* _YOUR OBJECTIVE_
Copy nothing but the lines running from the one containing "cm - kaSiulai.lt" through the end of the listing below. Drop the pictures.
*** Opening DATASET EXTRACT ***
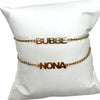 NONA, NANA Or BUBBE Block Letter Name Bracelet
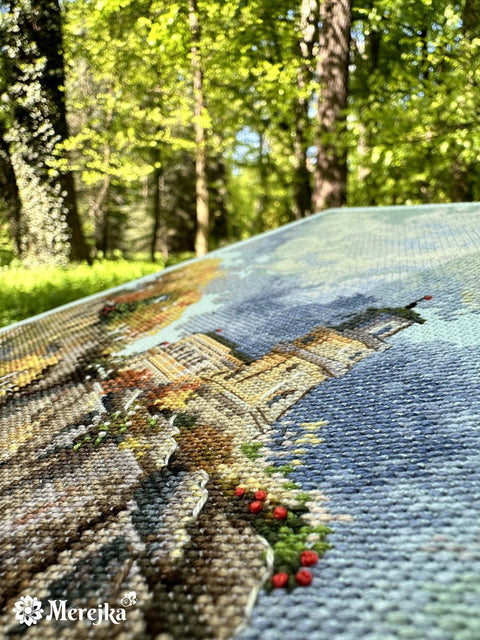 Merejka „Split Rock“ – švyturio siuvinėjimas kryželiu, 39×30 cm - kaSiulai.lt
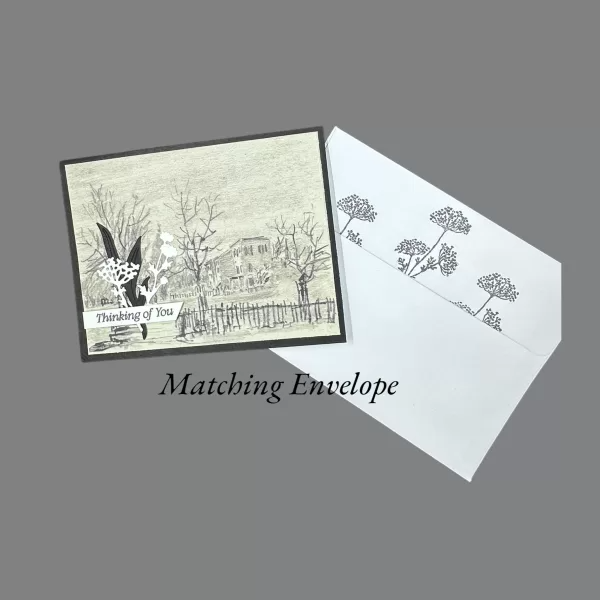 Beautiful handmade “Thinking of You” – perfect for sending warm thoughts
*** Closing DATASET EXTRACT ***
* _EXPECTED OUTPUT_
 Merejka „Split Rock“ – švyturio siuvinėjimas kryželiu, 39×30 cm - kaSiulai.lt
 Beautiful handmade “Thinking of You” – perfect for sending warm thoughts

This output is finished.